The different degrees of velocity with which the planets and comets were originally propelled in space is the sole cause of the diversity in the form of their orbits, which depends only upon the mutual relation between the projectile force and the sun’s attraction.

When the two forces are exactly equal to one another, circular motion is produced; when the ratio of the projectile to the central force is exactly that of 1 to the square root of 2, the motion is parabolic; any ratio between these two will cause a body to move in an ellipse, and any ratio greater than that of 1 to the square root of 2 will produce hyperbolic motion (N.229).

The celestial bodies might move in any one of these four curves by the law of gravitation: but, as one particular velocity is necessary to produce either circular or parabolic motion, such motions can hardly be supposed to exist in the solar system, where the bodies are liable to such mutual disturbances as would infallibly change the ratio of the forces, and cause them to move in ellipses in the first case, and hyperbolas in the other. On the contrary, since every ratio between equality and that of 1 to the square root of 2 will produce elliptical motion, it is found in the solar system in all its varieties, from that which is nearly circular to such as borders on the parabolic from excessive ellipticity. On this depends the stability of the system; the mutual disturbances only cause the orbits to become more or less excentric without changing their nature.

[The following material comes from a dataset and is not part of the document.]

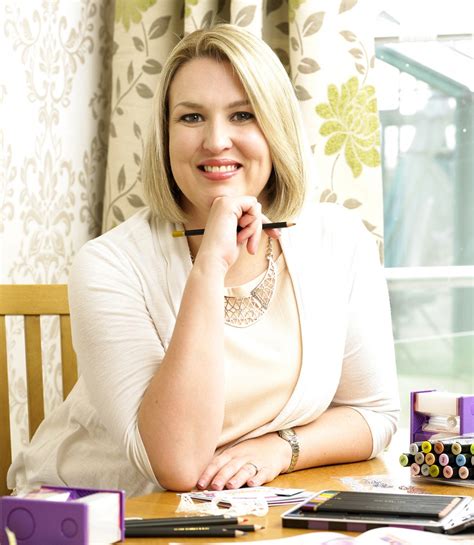 She is the founder and owner of crafter's companion, a company she started while a student at the university of york. Famous Craft Company Moves HQ to Aycliffe | Newton News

For the same reason the bodies of the solar system might have moved in an infinite variety of hyperbolas, since any ratio of the forces, greater than that which causes parabolic motion, will make a body move in one of these curves. Hyperbolic motion is however very rare; only two comets appear to move in orbits of that nature, those of 1771 and 1824; probably all such comets have already come to their perihelia, and consequently will never return.

The ratio of the forces which fixed the nature of the celestial orbits is thus easily explained; but the circumstances which determined these ratios, which caused some bodies to move nearly in circles and others to wander towards the limits of the solar attraction, and which made all the heavenly bodies to rotate and revolve in the same direction, must have had their origin in the primeval state of things; but as it pleases the Supreme Intelligence to employ gravitation alone in the maintenance of this fair system, it may be presumed to have presided at its creation.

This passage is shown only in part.